Across an Arab region convulsed by upheaval, Erdogan’s friends are few while his list of detractors is a who’s who of Arab heavyweights ranging from Egypt to Saudi Arabia to the United Arab Emirates.
They accuse Turkey of seeking to undermine political stability and meddle in Arab affairs by backing Islamist opposition groups such as the Muslim Brotherhood, which is banned or repressed by many governments. Unless Erdogan engages in some serious diplomacy and significant policy shifts, it’s hard to see them allowing Ankara to establish itself as the main power in Libya.

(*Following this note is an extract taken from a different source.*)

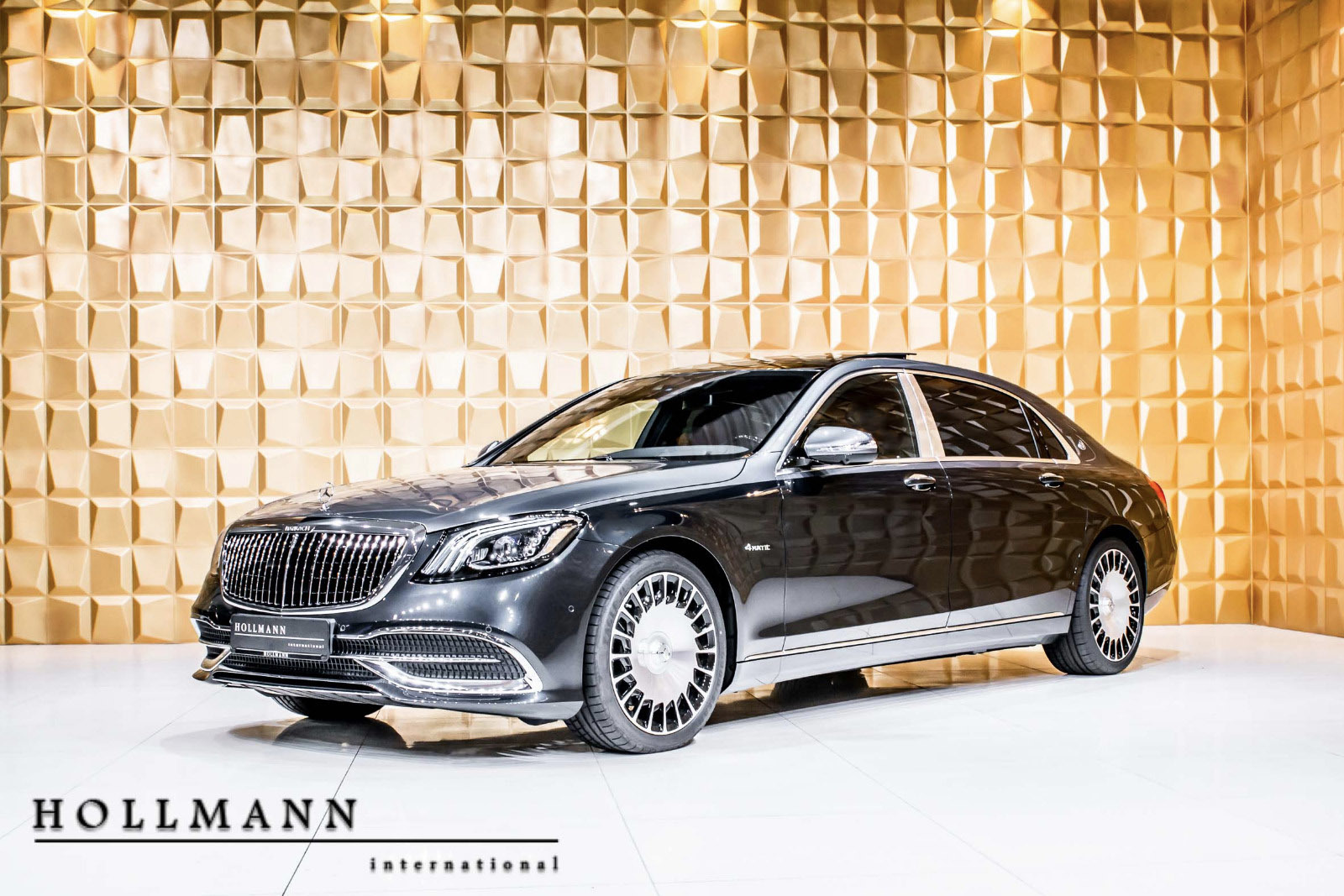 2019 Mercedes-Maybach S 560 4Matic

“Erdogan has won a series of tactical victories but he has been either unwilling or unable to turn them into strategic gains as this requires muscular diplomacy not just military interventions,” said Hakura.

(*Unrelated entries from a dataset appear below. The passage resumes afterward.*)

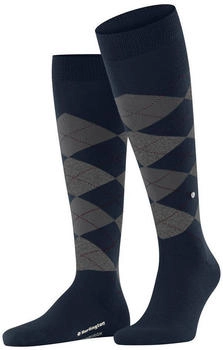 Burlington Kniestr&uuml;mpfe Edinburgh marine Schurwolle 6123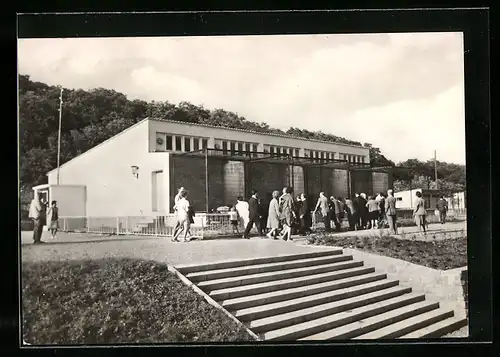 AK Erfurt, Thüringer Zoopark, Raubtierhaus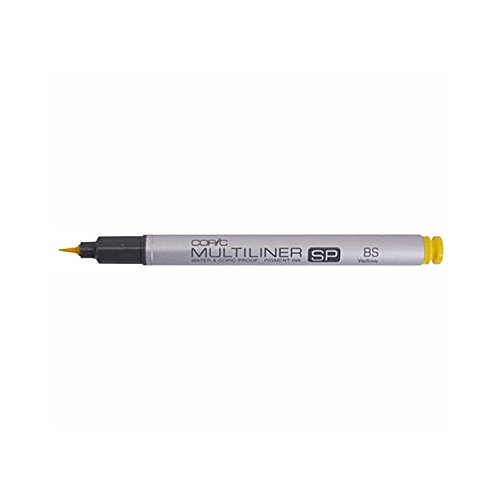 Copic Markers MLSPYBS Multiliner with Replaceable Nib, SP BS, Yellow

For Europe, Turkey is at once an indispensable partner and a problem. Its vow to begin gas exploration off the divided island of Cyprus was denounced by Mediterranean neighbors Egypt, Israel and Greece, potential partners in a pipeline project, as well as the EU. Whether any companies would bid given the territorial disputes is unclear, but the message was not; Turkey’s lengthy east Mediterranean coastline earns it a seat at the table. Home to 3.6 million Syrian refugees, Turkey also controls a major migration tap to the West, forcing European officials to tread lightly.
In a call for closer European-Turkish cooperation published in Politico ahead of an EU foreign policy meeting on Monday, Foreign Minister Mevlut Cavusoglu cited Libya and Syria as places where Turkey was taking military action that safeguards Europe, yet facing criticism from France and others, while its interests in the Mediterranean were overlooked in “an emerging streak of abuse and estrangement.”
On a recent visit to Germany, Cavasoglu’s call for a resumption in tourism was rebuffed. Germany cited health concerns. He saw a political motivation.
The EU, for its part, predictably condemned Turkey’s decision last week to convert the Hagia Sophia back into a mosque and threatened to expand a European blacklist that has so far targeted two Turks over Ankara’s gas exploration bid. Like NATO, however, it’s also signaled a desire to de-escalate tensions with a country that remains critical to Europe’s security.
“Erdogan’s aspiring to claim the leadership of Sunni Muslims and reverse the loss of regional influence once enjoyed by the Ottoman Empire,” Nihat Ali Ozcan, a strategist at the Economic Policy Research Foundation in Ankara, said. He’s “winning support from some nationalists and pious grass roots at home as well as some corners of the Middle East but increasing the risk that a coalition of Western countries will be formed in addition to those in the Arab world annoyed by Turkey’s increasingly assertive foreign policy.”